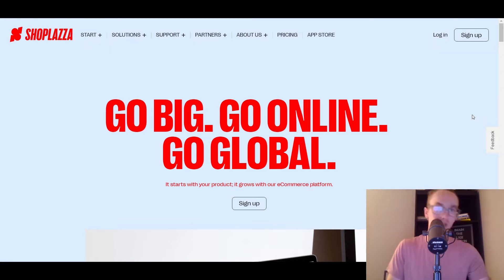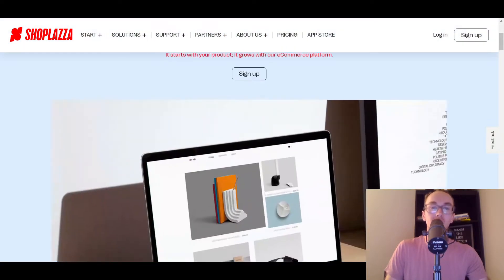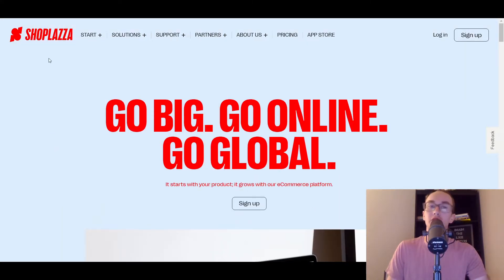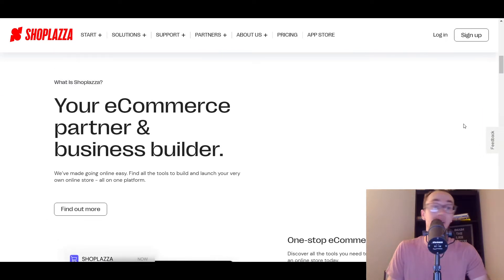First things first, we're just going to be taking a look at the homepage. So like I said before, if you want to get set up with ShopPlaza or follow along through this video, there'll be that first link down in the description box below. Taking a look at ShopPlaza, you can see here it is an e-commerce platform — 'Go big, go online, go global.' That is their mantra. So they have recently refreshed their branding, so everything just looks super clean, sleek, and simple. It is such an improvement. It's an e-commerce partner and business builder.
==
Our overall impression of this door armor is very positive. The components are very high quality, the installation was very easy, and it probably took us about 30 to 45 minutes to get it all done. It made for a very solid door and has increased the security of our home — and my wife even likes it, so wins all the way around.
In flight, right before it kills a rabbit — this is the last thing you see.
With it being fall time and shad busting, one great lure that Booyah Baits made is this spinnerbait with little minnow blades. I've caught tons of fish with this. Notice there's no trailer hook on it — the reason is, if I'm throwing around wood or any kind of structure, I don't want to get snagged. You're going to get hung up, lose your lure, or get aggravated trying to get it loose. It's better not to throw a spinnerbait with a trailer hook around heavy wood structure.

* **Problem statement**
Transcribe the records above exactly, beginning at the line that contains "In flight, right" and ending with the line that contains "With it being", both included, and nothing else.

* **Solution to this problem**
In flight, right before it kills a rabbit — this is the last thing you see.
With it being fall time and shad busting, one great lure that Booyah Baits made is this spinnerbait with little minnow blades. I've caught tons of fish with this. Notice there's no trailer hook on it — the reason is, if I'm throwing around wood or any kind of structure, I don't want to get snagged. You're going to get hung up, lose your lure, or get aggravated trying to get it loose. It's better not to throw a spinnerbait with a trailer hook around heavy wood structure.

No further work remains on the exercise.